Я знала, что, если он не появится, это разобьет ей сердце. Она ушла, обещав мигом вернуться, как любил говорить Кларки.
Я и вправду верила, что мама может выйти замуж за Кларки. Незадолго до Рождества 1944 года я так ему и сказала. Эскадрилья Джека выполняла опасную миссию. Всю ночь мы слушали, как взлетают самолеты, а на следующее утро мама и Сьюзен пошли в церковь и молились там за счастливое возвращение летчиков. Я же пошла к Кларки в гости. Шел густой снег. Я пробиралась по заснеженным полям, а вокруг сверкал от мороза воздух.
Мы сели в гостиной перед камином, он сделал мне чашку какао и тост. Мы разговаривали о миссии у берега Франции, выполнять которую отправились американцы. Кларки сказал, что мой папа восхитился бы их смелостью.
– И ему бы понравился Джек Уильямсон. А тебе он нравится, Молли?
– Он очень милый, – ответила я.
Меня так и подмывало сказать Кларки, что Сьюзен любит Джека. Я осмотрела его дом, засаленные зеленые обои и темные посудные шкафы. На покрытой жиром кухонной плите стояли немытые сковороды. Я представила, как мы с мамой будем здесь все отмывать.
– А ты когда-нибудь собираешься жениться? – спросила я.
– О боже, Молли, странные у тебя вопросы. На ком жениться?
– На маме. Ты ей нравишься, это я точно знаю. Она говорит, что ты наш лучший друг.
Кларки намазал на тост масло и протянул мне его на тарелке.
– Любой уважающий себя мужчина хотел бы жениться на Ирен, – сказал он. – Когда твой отец впервые привел ее домой, я, признаться, никогда в жизни так не ревновал. Но я не хочу. – Он помешал угли в печке. – Я сделал все, что мог, чтобы спасти твоего отца. Ты же знаешь это, да?
– Знаю. Мы бы могли жить здесь с тобой, Кларки. Мне бы этого хотелось.
– Чтобы жениться, люди должны любить друг друга.
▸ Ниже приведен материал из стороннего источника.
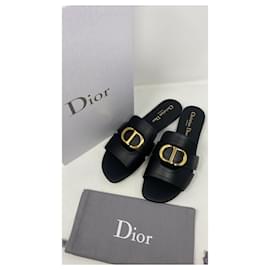 Dior-Sandálias Dior Montaigne-Preto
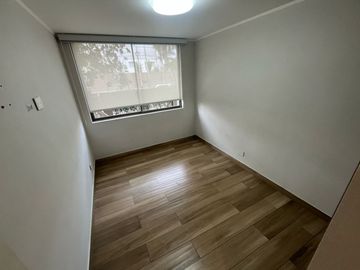 EN PRIMER PISO Vive a pasos del Colegio La Recoleta y del Club El Bosque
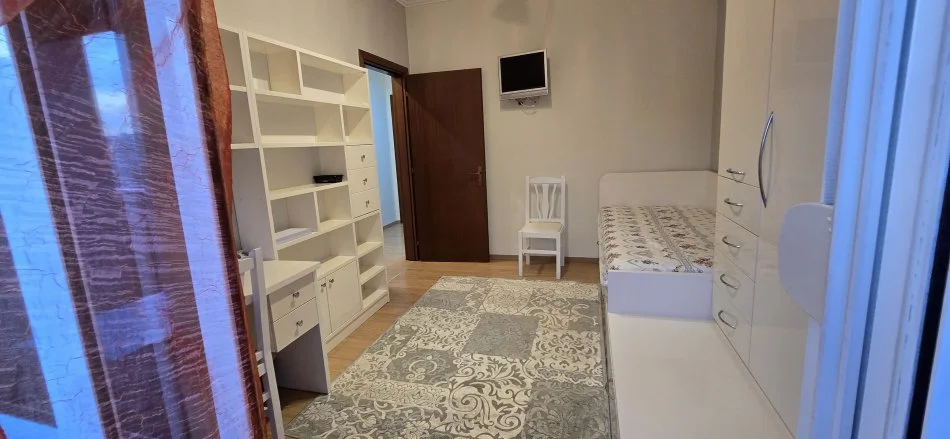 Tirane, affitto appartamento 2+1 Piano 7, 115 m² 750 € (NUOVA COSTRUZIONE)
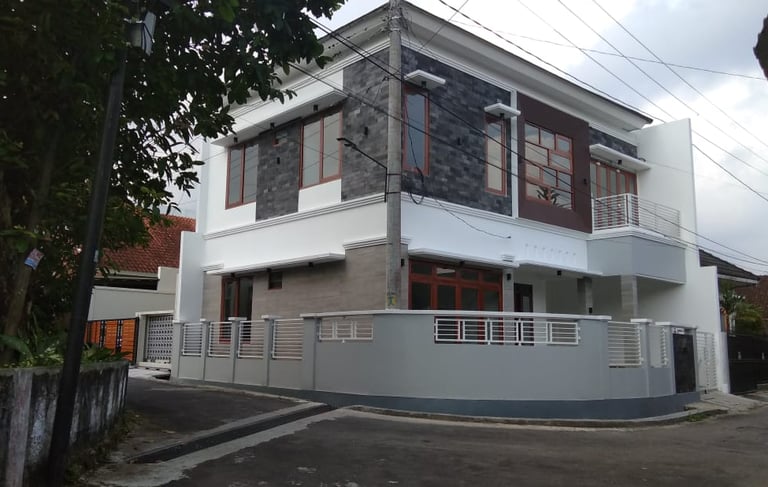 rumah di hook dengan fasad dominan pasangan batu candi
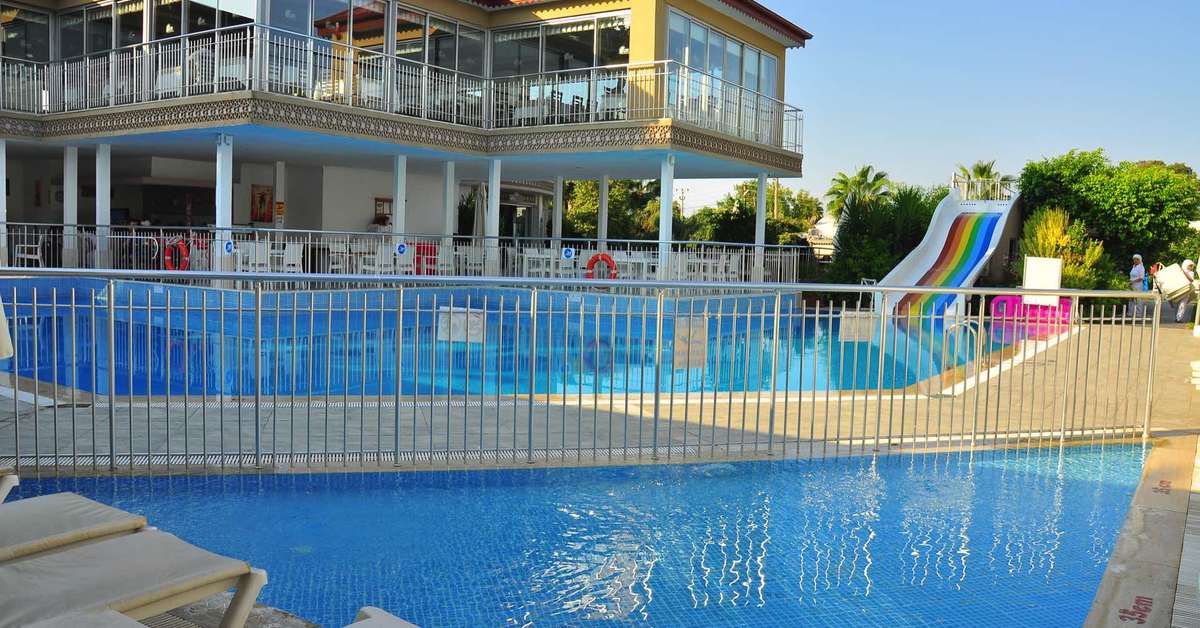 Ein Foto vom Pool im Sun Club Side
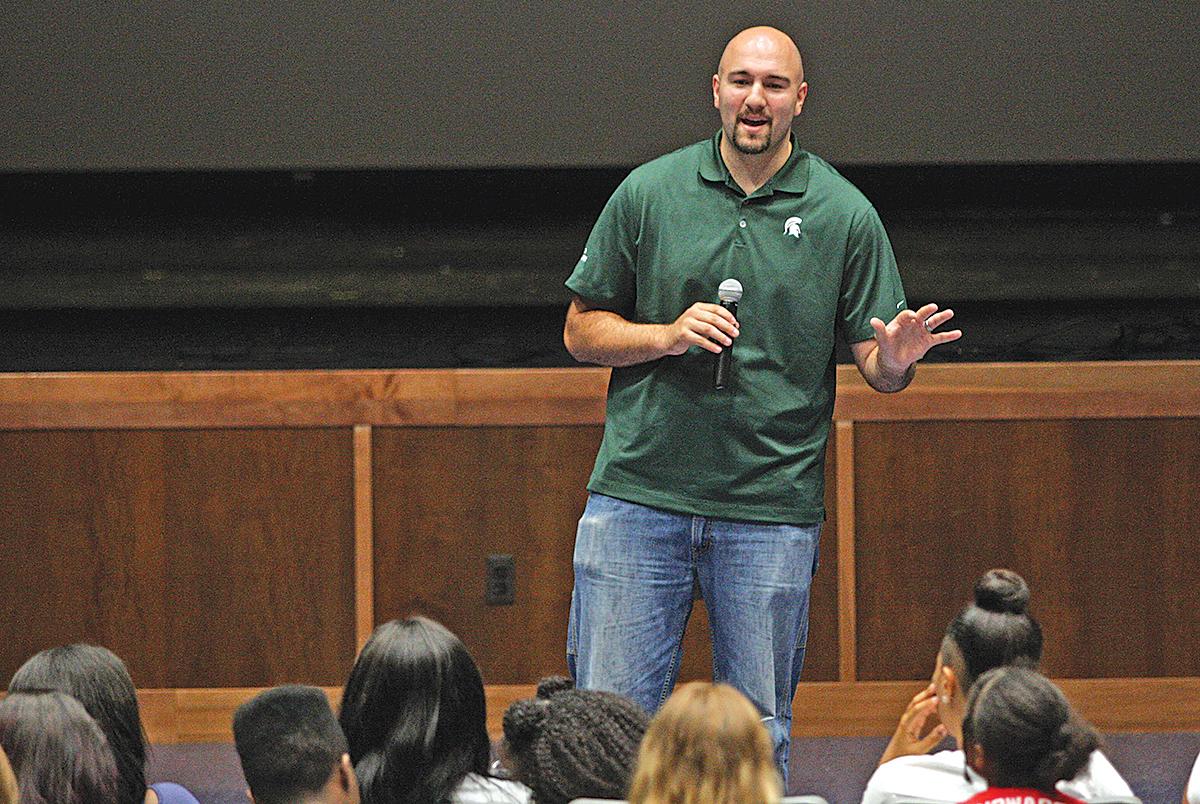 Former MSU basketball player says work hard and achieve more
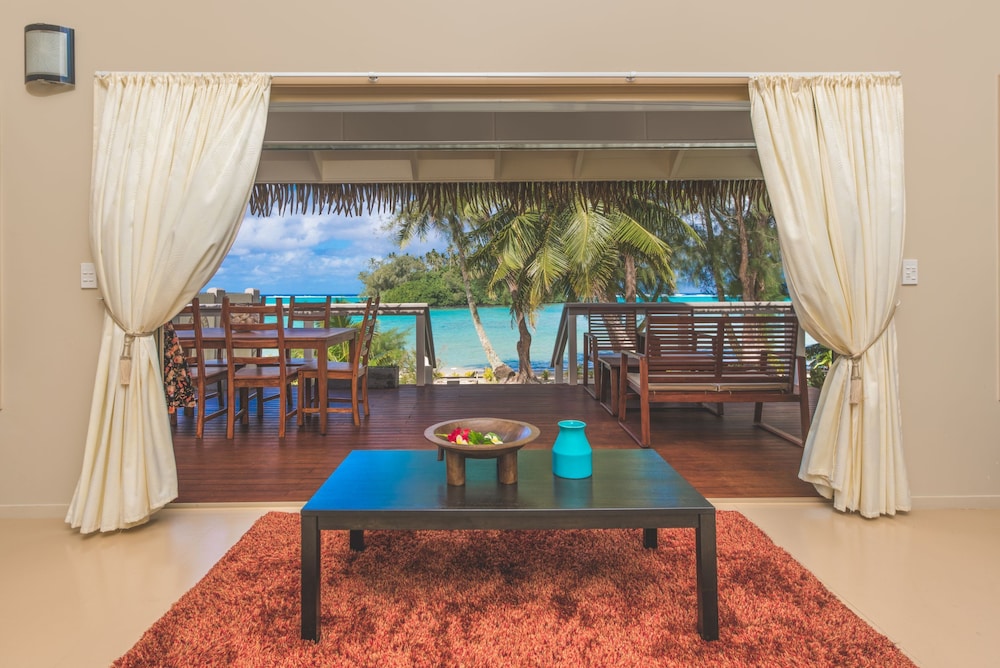 Muri Lagoon Villa 16/33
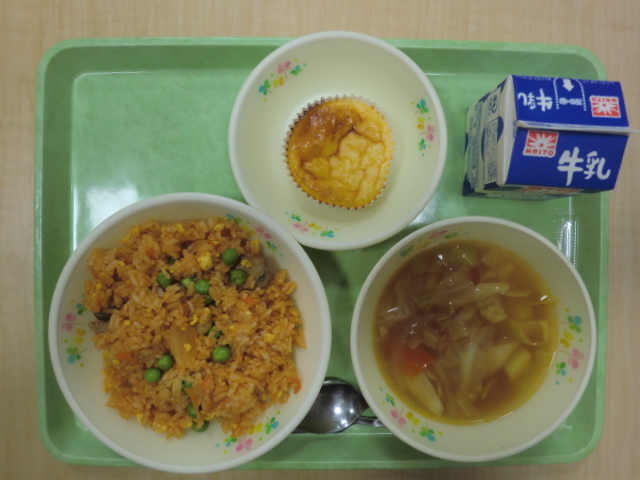 〈今日の献立〉牛乳、チキンライス（炒り卵のせ）、レンズ豆のスープ、ベイクドチーズケーキ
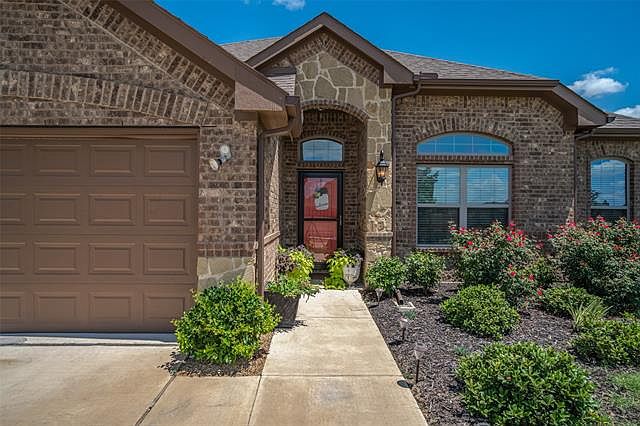 1st image of 119 Stoneridge Dr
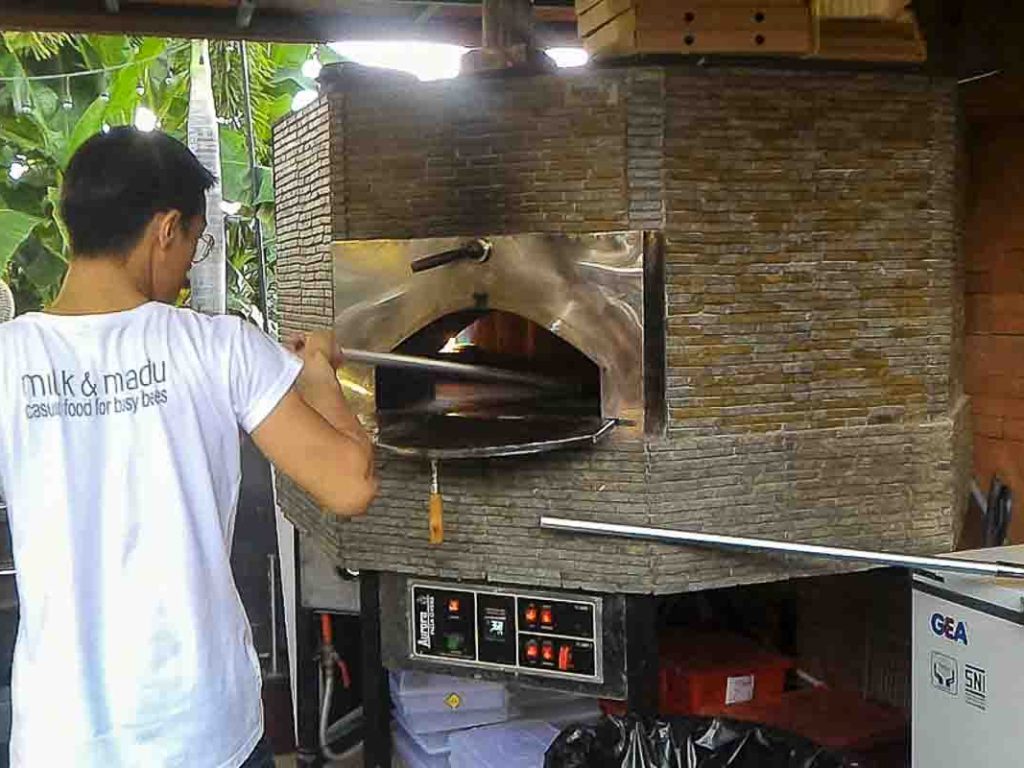 Aurora 120 brown Oven Pizza Brick Lava Stones Wood Gas Bali Indonesia Asia 400 061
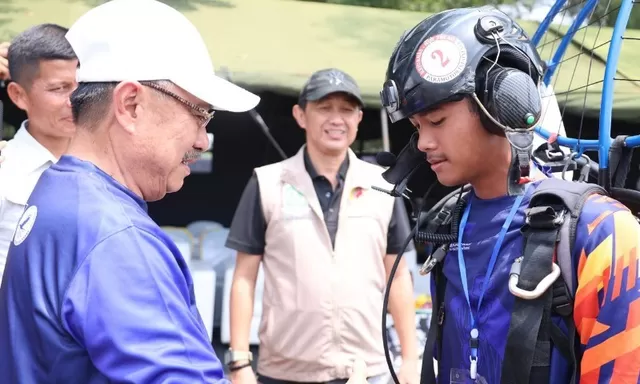 Wakil Wali Kota Bekasi Resmi Buka Kualifikasi Porprov Jabar Cabor Paramotor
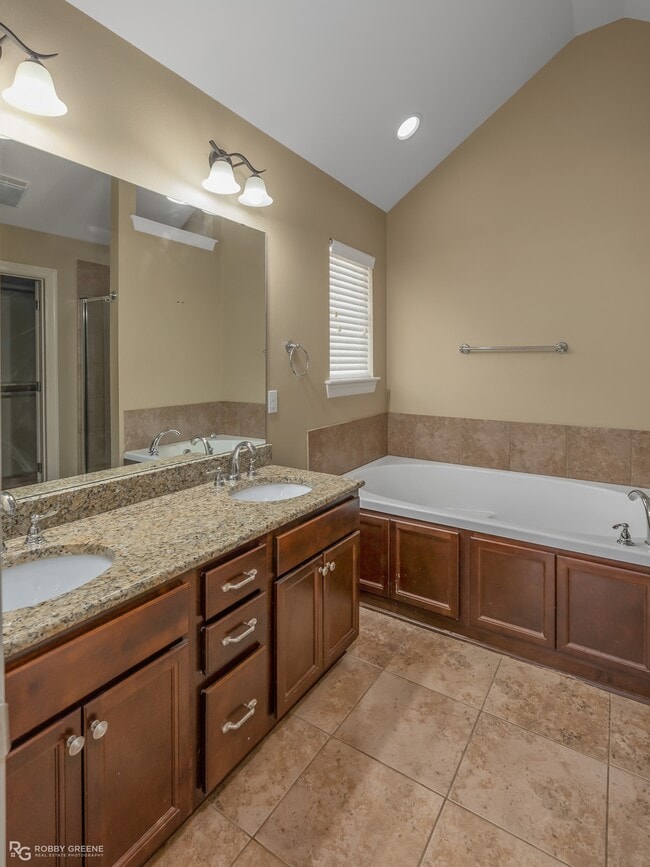 Building Photo - 1702 Avondale Ct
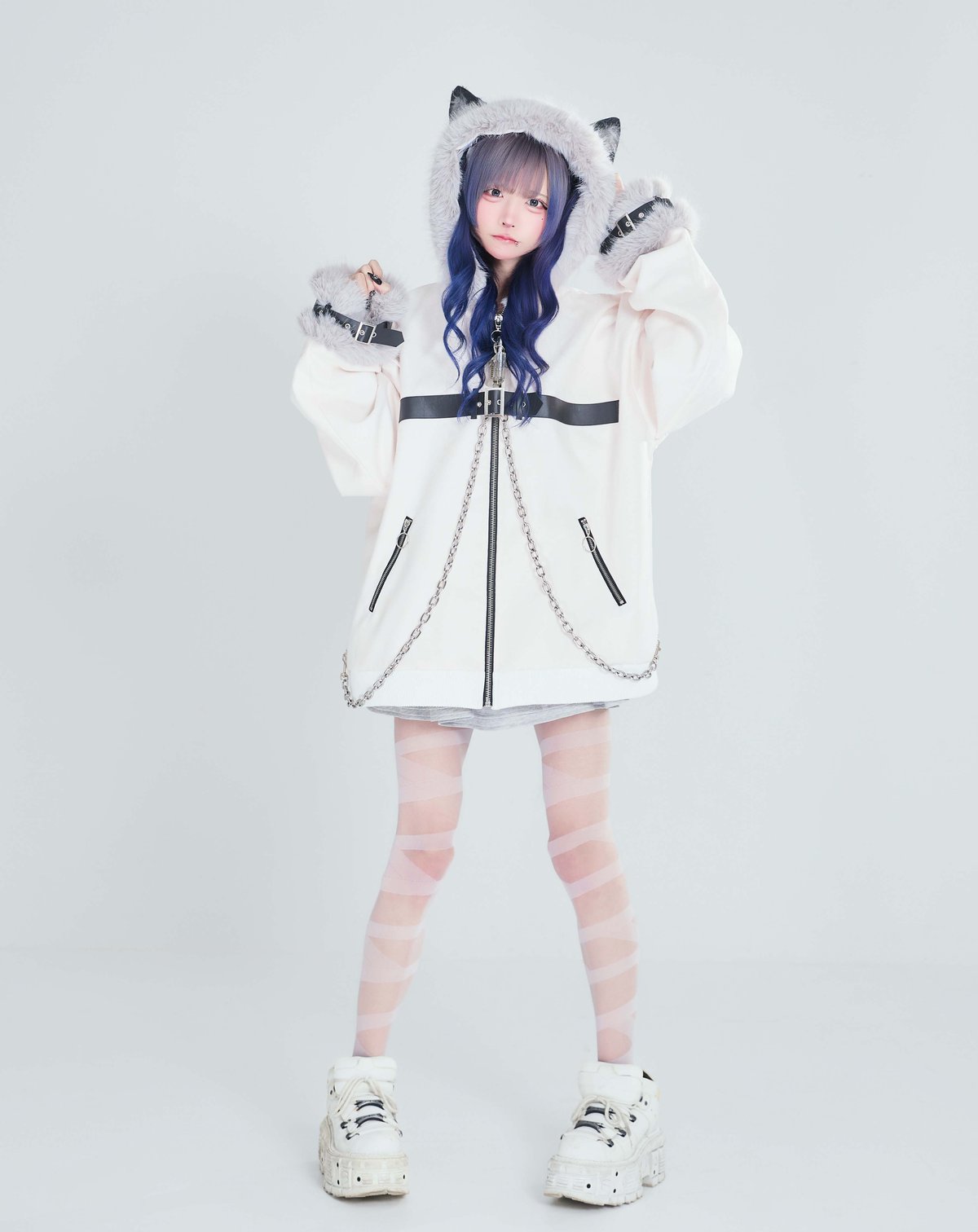 オオカミファーコート》WHITE | HIDOLATRAL THEODOL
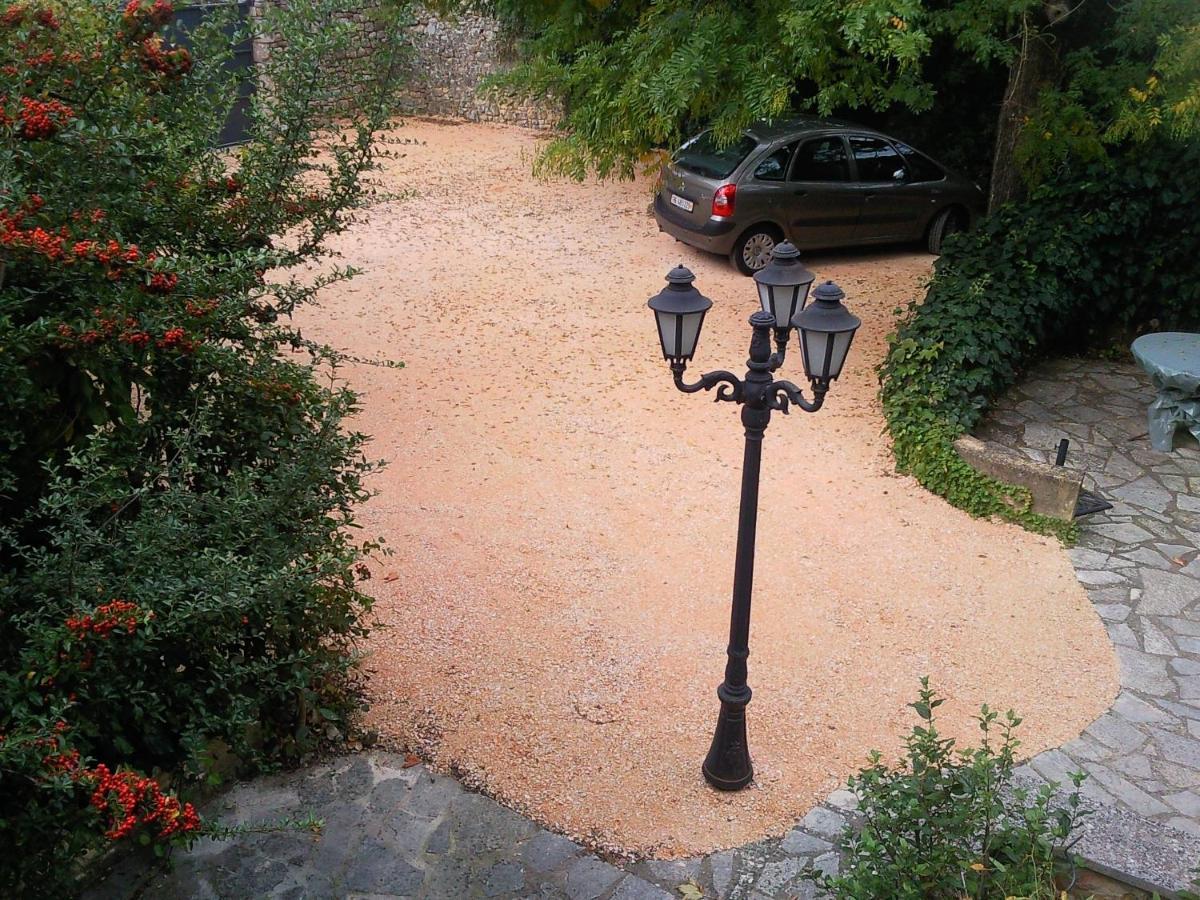 Cornillon - Oase In Suedfrankreich Lägenhet Exteriör bild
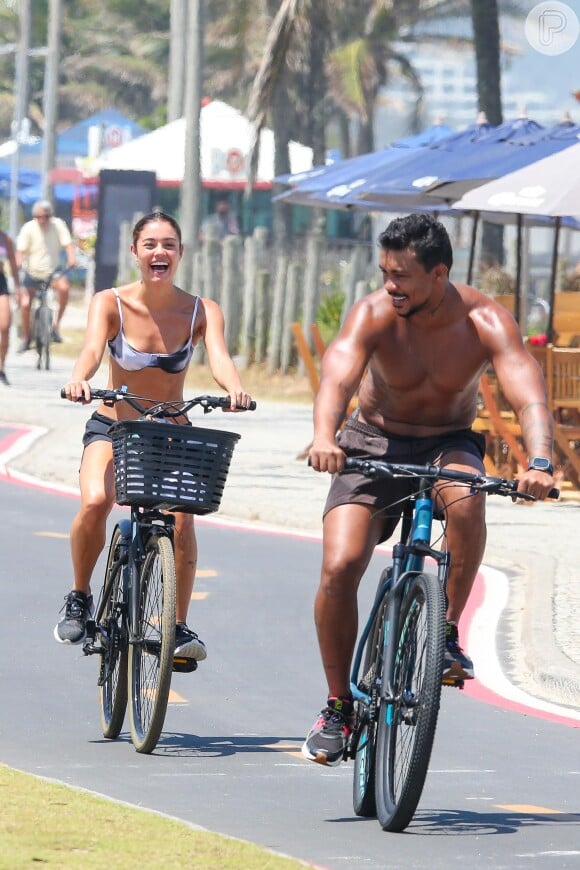 Depois de saírem do mar, Sophie Charlotte e Xamã ainda se divertiram em um passeio de bike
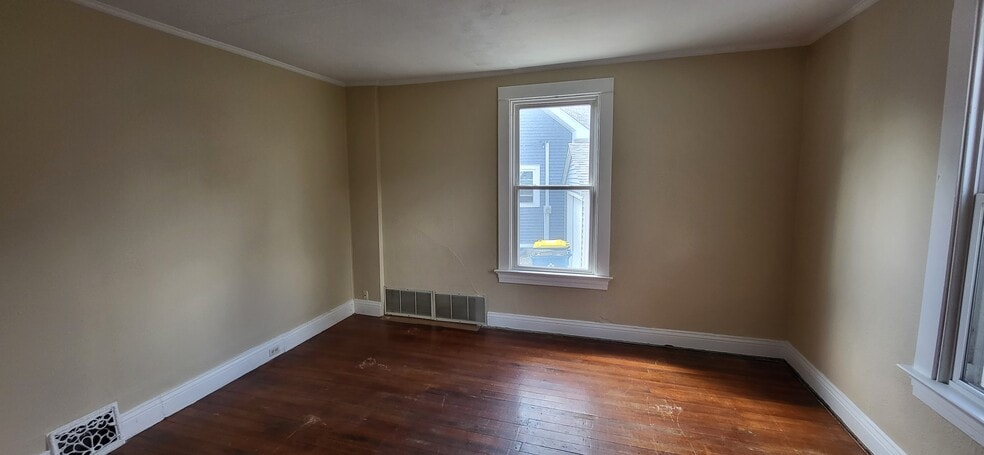 Building Photo - 13 Abner Pl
Понимаешь, Молли? Ты не можешь выбирать, кого любить. Ты поймешь это, когда подрастешь. Ирен выйдет замуж еще раз. Ты права. Она заслуживает счастья. Вы обе заслуживаете.
Когда я вернулась домой, мама и Сьюзен радостно улыбались. Эскадрилья Джека успешно вернулась. Мне было жалко, что Кларки останется холостяком. Он считал, что недостаточно хорош для мамы, но я заставлю его поверить, что это не так.
В день подарков[76] я встала пораньше, вышла на улицу и двинулась через заснеженные дорожки и по тропинке к разрушенному дому, где возле замерзшего ручья поблескивали заиндевевшие кроваво-красные ягоды остролиста. Я присела, чтобы набрать рождественских роз для Кларки, решив, что он мог бы преподнести их маме в качестве подарка. Сидя на корточках, я вдруг услышала чьи-то голоса. За стеной дома стояли мужчина и женщина. Ошарашенная тем, что в моем тайном месте оказались какие-то люди, я подкралась поближе. Это оказались моя мама и Джек. У мамы на плечах покоилась его летная куртка.
– Когда вы приедете, – говорил Джек, – я покажу вам Таймс-сквер, и мы пойдем есть клубничный торт в «Тоффенетти».